Machine Learning Newsletter

Mining a VC

Fred Wilson is one of the most popular VCs(rightly so) who is based in NY and he has a really great blog, where he talks about pretty much anything with a focus on startups, venture capital and technology. No surprise here.

His first post dates back to 23rd September 2003. He has been blogging for more than 11 years.

How come?

I have started at Axial recently and doing topic modeling to improve our search and recommendations as well as to build some other features that are driven by documents and text.

What gives?

To see some of the topics over time as his posts are somehow topical and could shed some light on hot industries as he also uses his blog as a reach tool for entrepreneurs. This of course follows their investments as well, if he is writing on a particular industry(bitcoin, mesh networks), chances are either they invested in some technology(bitcoin) or looking for companies(mesh networks) that they wanted to invest.

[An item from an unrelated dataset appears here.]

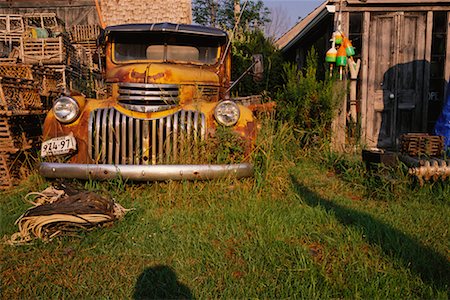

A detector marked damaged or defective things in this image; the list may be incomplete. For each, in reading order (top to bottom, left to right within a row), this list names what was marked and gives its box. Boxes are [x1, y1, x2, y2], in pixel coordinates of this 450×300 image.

rusty old truck [39, 22, 256, 180]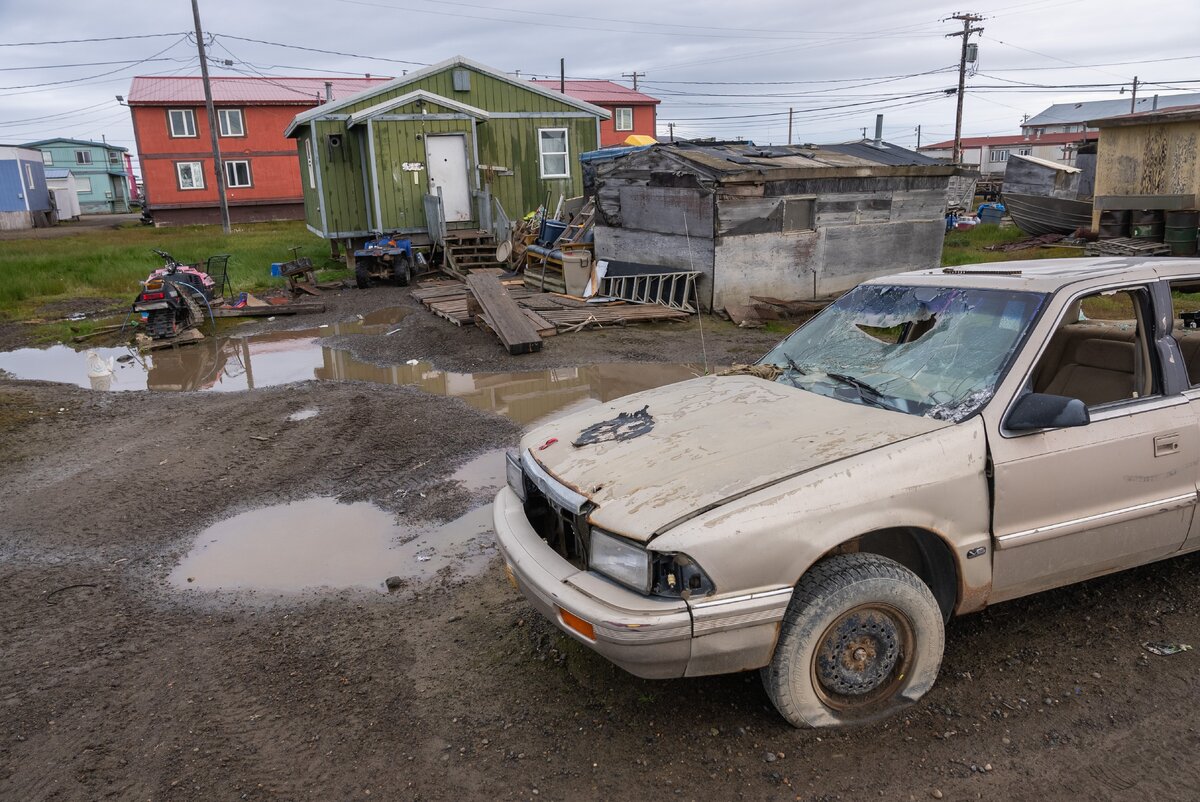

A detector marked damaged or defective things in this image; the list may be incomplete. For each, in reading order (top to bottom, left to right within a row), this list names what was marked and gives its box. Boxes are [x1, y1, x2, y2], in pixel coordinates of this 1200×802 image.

What does a VC write anyway?

Mostly Venture Capital presumably, but also introduces his portfolio companies, tries to raise awareness of new and cool technologies(bitcoin) and talks about his professional and personal life. That being said, there is no quantitative measure which topics he focuses on and how much. By measuring the topic frequency and variation over time, you could get a sense of which topics are actually trending as well. Scroll for that a bit.

What did you use?

All of his blog posts from start(09, 2003) to 31st December 2014(including). He writes a post per day and occasionally he may repeat the some of his posts (e.g. when he is on vacation), but other than posts should be unique and mostly they are medium-long length articles which is great for topic modeling. Earlier posts have the same date and I filter out the posts so that every date would have only a single post as I do not want to give biases of dates that have more than 1 post. I also filtered out the documents that have no words in it(some of the posts have only images apparently, #tumblrstyle).

Ok, got it. Topics, but what are they?

You could think of topics as specific word groups that are high likely to occur together. The algorithm(LDA) makes plausible and practical assumptions in text, and topics end up being logically plausible word groups that you could get the what the gist of those documents, it may seem like a keyword extraction tool, but not really.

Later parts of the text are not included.